Ein Universum aus Nichts

Seit einer Veröffentlichung von Edwin Hubble im Jahr1929 wissen wir, dass sich die Galaxien von unserer eigenen Milchstraße entfernen und zwar mit einer Fluchtgeschwindigkeit, die proportional mit dem Abstand zunimmt. Extrapoliert man die Fluchtbewegung zurück in die Vergangenheit, so scheint alle Materie am Anfang des Universums in einem Punkt konzentriert gewesen zu sein. Dieser Befund führte zur Formulierung der Urknalltheorie. In den letzten Jahrzehnten konnten diese Messungen erheblich verfeinert werden. Zur Abstandsmessung wird die scheinbare Helligkeit von Sternexplosionen (Supernovae) herangezogen. Am Ende des Lebens von Sternen oberhalb einer bestimmten Masse explodieren diese. Dauer und Helligkeit dieser Explosionen folgen einem festen Muster, sodass aus dem Verlauf der Explosion die absolute Helligkeit berechnet werden kann. Aus Vergleich der absoluten mit der scheinbaren Helligkeit kann dann die Entfernung bestimmt werden.

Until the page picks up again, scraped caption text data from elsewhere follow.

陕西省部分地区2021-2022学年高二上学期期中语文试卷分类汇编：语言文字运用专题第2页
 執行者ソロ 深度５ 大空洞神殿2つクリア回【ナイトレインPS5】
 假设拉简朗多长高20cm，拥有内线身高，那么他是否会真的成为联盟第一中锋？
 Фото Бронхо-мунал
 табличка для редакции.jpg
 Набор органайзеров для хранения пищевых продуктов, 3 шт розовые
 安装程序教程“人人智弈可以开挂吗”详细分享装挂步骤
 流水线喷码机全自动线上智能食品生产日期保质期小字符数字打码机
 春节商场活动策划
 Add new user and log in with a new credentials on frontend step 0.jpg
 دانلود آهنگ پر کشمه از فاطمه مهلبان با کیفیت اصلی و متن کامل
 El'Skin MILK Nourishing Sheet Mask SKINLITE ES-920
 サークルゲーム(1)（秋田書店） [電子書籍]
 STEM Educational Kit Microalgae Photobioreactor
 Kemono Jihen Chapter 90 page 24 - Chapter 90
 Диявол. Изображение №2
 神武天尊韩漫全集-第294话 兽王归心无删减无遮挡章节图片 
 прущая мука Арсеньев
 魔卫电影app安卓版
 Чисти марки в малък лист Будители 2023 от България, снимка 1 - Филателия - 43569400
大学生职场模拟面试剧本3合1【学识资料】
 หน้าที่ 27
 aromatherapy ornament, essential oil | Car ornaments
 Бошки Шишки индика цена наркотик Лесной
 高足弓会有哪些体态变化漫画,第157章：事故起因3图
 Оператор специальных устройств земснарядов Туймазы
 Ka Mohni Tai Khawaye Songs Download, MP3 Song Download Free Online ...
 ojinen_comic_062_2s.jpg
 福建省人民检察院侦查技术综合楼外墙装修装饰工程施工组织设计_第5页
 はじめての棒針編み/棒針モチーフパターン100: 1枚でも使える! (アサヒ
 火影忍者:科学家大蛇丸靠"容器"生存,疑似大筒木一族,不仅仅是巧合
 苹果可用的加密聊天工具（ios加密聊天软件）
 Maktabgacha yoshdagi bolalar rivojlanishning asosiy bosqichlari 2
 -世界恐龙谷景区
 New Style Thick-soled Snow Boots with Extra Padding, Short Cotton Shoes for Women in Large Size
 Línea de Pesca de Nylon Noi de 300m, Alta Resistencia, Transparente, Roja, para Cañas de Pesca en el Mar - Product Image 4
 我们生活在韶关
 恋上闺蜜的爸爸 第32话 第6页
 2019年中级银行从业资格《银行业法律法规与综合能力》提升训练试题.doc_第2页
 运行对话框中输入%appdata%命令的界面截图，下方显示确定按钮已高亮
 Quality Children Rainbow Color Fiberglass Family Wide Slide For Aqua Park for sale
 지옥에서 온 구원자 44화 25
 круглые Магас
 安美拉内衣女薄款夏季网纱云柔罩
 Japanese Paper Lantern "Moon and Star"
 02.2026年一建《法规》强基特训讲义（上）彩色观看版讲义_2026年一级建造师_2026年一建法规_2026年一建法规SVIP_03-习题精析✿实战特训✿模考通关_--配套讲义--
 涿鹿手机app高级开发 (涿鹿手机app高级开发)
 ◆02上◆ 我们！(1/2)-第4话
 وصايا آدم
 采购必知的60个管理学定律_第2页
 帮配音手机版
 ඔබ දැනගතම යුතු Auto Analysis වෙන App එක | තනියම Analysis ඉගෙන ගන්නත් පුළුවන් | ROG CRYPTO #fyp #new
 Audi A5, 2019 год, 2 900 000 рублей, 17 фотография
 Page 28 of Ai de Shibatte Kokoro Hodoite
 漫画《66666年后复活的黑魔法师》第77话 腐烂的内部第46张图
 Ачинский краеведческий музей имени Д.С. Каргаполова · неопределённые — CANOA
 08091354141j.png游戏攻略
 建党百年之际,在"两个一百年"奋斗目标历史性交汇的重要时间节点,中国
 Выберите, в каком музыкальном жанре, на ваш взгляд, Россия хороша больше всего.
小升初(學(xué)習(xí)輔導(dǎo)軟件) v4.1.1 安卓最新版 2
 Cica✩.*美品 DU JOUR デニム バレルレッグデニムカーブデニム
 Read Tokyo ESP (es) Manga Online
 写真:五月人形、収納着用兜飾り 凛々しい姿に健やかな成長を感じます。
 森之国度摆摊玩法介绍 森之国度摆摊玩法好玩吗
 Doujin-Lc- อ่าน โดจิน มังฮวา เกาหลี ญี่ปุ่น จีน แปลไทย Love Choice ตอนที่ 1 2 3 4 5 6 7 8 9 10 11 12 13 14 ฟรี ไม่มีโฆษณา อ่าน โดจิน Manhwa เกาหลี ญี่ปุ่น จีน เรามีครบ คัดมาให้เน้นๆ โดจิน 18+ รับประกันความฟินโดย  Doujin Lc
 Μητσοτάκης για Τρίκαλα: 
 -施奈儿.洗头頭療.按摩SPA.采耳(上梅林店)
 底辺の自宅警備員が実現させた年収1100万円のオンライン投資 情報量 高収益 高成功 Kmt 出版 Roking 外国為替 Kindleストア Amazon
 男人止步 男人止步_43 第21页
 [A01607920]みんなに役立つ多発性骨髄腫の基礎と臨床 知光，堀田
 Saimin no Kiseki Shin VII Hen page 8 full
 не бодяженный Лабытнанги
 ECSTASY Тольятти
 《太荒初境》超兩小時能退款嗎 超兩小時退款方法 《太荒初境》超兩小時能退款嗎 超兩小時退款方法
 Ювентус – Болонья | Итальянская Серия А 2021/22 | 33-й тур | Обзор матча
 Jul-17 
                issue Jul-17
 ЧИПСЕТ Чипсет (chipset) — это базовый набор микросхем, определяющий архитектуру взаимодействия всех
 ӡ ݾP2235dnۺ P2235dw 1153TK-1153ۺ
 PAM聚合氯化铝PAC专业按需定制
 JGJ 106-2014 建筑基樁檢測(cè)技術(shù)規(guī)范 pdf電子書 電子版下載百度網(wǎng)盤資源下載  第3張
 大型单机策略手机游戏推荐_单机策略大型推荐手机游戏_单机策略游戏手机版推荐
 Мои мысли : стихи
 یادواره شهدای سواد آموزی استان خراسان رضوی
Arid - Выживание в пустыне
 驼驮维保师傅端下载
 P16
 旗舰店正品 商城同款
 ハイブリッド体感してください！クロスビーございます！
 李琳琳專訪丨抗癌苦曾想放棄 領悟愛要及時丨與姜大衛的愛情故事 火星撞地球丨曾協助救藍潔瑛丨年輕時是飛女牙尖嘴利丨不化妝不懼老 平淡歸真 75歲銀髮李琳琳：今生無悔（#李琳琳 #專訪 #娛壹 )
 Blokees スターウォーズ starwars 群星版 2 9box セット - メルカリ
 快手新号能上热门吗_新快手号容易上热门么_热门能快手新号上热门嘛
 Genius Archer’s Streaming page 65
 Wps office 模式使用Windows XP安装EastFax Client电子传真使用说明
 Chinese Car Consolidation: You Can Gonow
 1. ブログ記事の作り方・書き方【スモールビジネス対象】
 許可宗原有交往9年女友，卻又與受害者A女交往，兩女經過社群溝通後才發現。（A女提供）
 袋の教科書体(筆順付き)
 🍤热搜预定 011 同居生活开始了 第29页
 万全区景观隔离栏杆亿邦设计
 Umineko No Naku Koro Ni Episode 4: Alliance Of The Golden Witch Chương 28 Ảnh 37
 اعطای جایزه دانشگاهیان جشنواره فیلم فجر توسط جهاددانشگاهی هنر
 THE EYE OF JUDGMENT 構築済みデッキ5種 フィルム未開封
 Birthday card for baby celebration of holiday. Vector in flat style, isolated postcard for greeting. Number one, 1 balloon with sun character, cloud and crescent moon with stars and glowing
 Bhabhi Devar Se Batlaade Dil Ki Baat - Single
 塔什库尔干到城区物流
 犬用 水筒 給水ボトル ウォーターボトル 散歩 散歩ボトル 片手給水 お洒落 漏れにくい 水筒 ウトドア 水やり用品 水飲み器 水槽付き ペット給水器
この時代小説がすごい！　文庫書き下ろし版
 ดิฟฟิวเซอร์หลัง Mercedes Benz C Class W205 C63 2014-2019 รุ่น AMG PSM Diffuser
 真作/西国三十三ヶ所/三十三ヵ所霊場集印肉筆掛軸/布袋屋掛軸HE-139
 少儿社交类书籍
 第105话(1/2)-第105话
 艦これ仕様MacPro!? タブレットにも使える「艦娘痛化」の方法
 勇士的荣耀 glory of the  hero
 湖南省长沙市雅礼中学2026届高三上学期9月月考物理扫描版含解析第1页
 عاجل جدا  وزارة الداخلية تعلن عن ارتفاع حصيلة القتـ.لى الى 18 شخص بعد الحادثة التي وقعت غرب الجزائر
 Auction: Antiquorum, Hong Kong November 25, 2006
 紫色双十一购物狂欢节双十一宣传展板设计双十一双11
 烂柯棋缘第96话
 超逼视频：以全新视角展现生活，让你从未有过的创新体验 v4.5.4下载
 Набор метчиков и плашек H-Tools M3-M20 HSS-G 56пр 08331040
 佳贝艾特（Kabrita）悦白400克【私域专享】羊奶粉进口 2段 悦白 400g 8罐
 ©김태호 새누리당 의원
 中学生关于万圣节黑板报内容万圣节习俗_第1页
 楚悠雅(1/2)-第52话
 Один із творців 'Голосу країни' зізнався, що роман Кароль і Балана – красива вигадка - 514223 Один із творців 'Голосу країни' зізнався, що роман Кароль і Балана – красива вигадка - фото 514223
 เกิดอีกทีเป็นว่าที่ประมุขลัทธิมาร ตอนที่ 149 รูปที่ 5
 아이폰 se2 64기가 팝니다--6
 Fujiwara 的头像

Ein großer Vorteil dieser Methode ist auch, dass die Helligkeiten der Explosionen so stark sind, dass sie in der Größenordnung der Gesamthelligkeiten von Galaxien liegen und damit über riesige Entfernungen hinweg detektiert werden können. Die Fluchtgeschwindigkeit der Galaxien kann über deren durch den Dopplereffekt zu größeren Wellenlängen hin verschobenes Lichtspektrum (Rotverschiebung) bestimmt werden. Nun sollte man eigentlich erwarten, dass sich die Fluchtgeschwindigkeit mit der Zeit etwas verringert, da die Gravitation zwischen den Galaxien bremsend wirkt. Genauere Messungen an besonders weit entfernten Galaxien zeigten aber genau das Gegenteil. Es tritt eine Beschleunigung ein. Physikalisch erklärt werden kann dies nur über ein bisher unbekanntes Kraftfeld das mit Dunkler Energie bezeichnet wurde.

Da man nach Einstein Masse in Energie umrechnen kann, stellt sich die Frage wie groß die gesamte Dunkle Energie im Vergleich zur gesamten Masse ist. Das aktuelle Ergebnis ist, dass die Dunkle Energie 68,3% ausmacht und der Rest aus 4,9% Materie (Atome) und 26,8% Dunkler Materie besteht. Der sichtbare Teil des Universums, d.h. die leuchtenden Sterne, macht dabei insgesamt nur etwa 1% aus. Sowohl die gesamte Masse als auch die Gesamtmenge der Dunklen Energie lassen sich zusammenfassen als positive Gesamtenergie des Universums. Ihr gegenüber steht die gesamte Gravitationsenergie, die ein negatives Vorzeichen hat. Zählt man diese beiden Beiträge zusammen, so ergibt sich innerhalb einer Fehlergrenze von wenigen Prozent eine Gesamtenergie von Null.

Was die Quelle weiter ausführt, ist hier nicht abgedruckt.